Some people began grasping the concept of livable communities through the well-publicized advent of New Urbanism with communities such as Seaside, Florida. I now recognize my own embracing of the anti-sprawl message of New Urbanism as the first step in my education concerning livable communities and sustainable design. We all start somewhere. The important thing is to start. What followed were a few years of quiet study and research on my own time. This is important; because our clients do not expect to pay us to understand what we are trying to convince them is the right thing to do. A few dozen conversations with the wrong people at the wrong parties and the press – hungry for a story – asked me for some information. So, six years ago, I ended up doing an hour long radio show on the local PBS affiliate, explaining the short and long term effects of sprawl and demonstrating the economic and environmental un-sustainability of typical suburban growth. Still, I had never done a sustainable, deliberately livable, or “green” project. I was waiting for the right client to ask me to do the right thing.

Imagine my surprise when that “right” client never materialized. Instead, a developer with whom I had been working for several years called and asked if the project upon which we were working could be LEED certified. Success! As you might imagine, he was not willing to pay much more for the privilege of doing the right thing (mostly because I had convinced him that being a little more environmentally sensitive did not necessarily cost more than his normal high quality building) but he wanted to explore the concept. My career had taken a giant stride and I had just passed through what I now define as one of the most successful moments in my professional life. But that was not all. While working on another 130,000 square foot LEED project a year later with the same developer he turned to me and asked “What is this going to do to the neighborhood?” Naturally, I thought he was inquiring about where the next spin-off project would be. “No,” he said “what will this do TO the neighborhood?’ I sat their open-mouthed in astonishment and one word formed in my mind “SUCCESS”. He was really asking “Is this community going to be more or less livable as a result of this project?” He just didn’t know the architectural euphemisms.

I don’t know if my developer/client has really become concerned about the world in a way we would like, but I do know this: six years after I made enough noise about livable communities to be considered some sort of spokesperson for the concept, I finally have a client and project that may actually make a difference in our world. Interestingly, both are the product of a long journey and some considerable effort. I consider both the development of the individual and the project as two of my greatest achievements.

Sure, there are opportunities to go to work for architectural powerhouse with established sustainable design practices, but this may not be a feasible option for us mid-career types.
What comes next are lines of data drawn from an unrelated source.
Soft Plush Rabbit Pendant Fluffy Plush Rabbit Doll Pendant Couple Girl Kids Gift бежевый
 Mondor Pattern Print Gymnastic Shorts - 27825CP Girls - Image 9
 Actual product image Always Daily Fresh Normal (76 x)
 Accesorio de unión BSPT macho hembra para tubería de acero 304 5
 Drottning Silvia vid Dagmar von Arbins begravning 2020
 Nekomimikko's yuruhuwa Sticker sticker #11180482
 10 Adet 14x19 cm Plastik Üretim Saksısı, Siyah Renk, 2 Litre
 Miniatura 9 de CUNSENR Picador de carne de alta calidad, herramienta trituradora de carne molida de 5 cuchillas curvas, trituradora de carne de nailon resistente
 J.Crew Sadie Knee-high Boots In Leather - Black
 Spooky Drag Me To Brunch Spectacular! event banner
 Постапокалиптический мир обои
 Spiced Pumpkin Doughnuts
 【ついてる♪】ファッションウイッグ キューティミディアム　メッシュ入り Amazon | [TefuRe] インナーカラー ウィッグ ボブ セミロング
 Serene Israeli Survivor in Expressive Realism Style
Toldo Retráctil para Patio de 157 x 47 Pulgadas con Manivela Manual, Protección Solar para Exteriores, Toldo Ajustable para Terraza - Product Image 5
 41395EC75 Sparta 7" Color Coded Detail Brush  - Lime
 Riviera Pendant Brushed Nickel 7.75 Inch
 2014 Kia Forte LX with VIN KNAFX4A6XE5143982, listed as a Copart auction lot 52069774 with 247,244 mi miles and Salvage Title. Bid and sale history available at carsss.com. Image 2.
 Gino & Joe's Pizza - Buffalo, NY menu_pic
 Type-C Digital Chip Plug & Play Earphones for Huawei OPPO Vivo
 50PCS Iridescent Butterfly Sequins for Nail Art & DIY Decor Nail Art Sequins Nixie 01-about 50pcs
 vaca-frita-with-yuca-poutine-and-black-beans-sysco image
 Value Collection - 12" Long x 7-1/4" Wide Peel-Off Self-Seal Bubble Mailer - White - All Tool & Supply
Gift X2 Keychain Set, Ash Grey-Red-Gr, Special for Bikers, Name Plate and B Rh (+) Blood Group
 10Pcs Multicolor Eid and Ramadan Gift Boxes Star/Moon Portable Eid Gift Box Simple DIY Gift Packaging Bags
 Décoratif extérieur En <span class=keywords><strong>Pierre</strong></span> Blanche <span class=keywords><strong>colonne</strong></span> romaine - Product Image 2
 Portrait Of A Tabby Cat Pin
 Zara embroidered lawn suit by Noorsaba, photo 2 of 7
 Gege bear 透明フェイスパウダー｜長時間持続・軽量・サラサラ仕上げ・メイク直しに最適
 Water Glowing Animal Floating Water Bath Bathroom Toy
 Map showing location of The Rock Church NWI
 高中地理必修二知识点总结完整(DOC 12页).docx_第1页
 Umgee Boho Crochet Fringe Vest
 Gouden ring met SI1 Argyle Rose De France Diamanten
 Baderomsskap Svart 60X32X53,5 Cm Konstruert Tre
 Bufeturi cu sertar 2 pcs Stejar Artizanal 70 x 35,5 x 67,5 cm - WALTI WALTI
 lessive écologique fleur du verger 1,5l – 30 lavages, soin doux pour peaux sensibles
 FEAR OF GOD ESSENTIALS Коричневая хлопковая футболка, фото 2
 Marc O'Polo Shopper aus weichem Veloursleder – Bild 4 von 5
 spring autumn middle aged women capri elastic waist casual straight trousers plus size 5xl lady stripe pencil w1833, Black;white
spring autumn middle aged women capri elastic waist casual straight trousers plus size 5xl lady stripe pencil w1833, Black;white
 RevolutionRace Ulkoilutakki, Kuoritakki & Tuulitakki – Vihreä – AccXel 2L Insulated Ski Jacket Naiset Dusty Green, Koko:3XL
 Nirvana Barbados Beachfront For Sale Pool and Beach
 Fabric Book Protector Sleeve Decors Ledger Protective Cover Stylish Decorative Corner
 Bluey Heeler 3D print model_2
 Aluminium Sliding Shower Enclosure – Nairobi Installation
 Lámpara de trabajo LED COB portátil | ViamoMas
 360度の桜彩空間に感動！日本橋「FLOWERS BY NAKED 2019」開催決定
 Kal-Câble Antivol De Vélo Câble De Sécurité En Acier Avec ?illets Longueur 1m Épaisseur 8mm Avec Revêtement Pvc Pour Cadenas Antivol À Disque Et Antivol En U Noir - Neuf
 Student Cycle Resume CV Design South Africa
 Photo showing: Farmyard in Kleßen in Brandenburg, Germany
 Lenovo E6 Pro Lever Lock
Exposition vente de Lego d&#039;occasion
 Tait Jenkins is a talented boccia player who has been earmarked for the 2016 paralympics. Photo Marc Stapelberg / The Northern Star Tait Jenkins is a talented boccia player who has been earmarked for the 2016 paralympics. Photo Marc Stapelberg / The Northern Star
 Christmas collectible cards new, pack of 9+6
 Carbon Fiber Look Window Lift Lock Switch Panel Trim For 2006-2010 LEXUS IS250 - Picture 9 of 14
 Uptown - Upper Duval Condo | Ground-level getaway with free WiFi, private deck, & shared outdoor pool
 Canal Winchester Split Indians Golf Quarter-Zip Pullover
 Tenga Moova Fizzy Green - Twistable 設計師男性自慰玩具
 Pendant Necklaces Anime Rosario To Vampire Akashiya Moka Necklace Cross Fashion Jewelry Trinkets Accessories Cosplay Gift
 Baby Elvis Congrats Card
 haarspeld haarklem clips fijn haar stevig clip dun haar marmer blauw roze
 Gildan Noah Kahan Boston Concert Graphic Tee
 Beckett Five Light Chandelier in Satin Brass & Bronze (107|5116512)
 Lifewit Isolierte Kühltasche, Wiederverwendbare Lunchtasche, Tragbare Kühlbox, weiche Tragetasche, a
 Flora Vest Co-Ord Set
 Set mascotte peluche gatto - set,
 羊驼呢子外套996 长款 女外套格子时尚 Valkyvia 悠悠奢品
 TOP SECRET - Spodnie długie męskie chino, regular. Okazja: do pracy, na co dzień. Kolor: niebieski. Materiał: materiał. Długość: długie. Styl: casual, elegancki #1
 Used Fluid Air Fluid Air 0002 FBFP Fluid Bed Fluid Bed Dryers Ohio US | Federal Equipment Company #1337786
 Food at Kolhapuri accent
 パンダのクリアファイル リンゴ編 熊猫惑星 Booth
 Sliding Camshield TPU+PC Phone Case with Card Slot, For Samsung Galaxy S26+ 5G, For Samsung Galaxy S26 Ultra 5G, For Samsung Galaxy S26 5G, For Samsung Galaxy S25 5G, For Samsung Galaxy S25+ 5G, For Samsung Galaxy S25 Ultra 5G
More likely we will run across a (true) scenario like the following. Questioned by a developer/client about why we wanted to add a particular engineering firm to our team we explained their various strengths and added “they are very adept at incorporating sustainable design elements and technologies into their mechanical systems.” To which the developer replied in all seriousness “That is reason enough to fire them, right there.” True to form, they have not let us add this engineer to our team for their project. Undaunted, we go forward.

For most of the architectural community; we will create sustainable clients and then sustainable and livable communities. After all, architecture is not about steel and glass or straw bales and solar panels; it is about people. You, me, and our clients doing the right thing to bring success to all of us.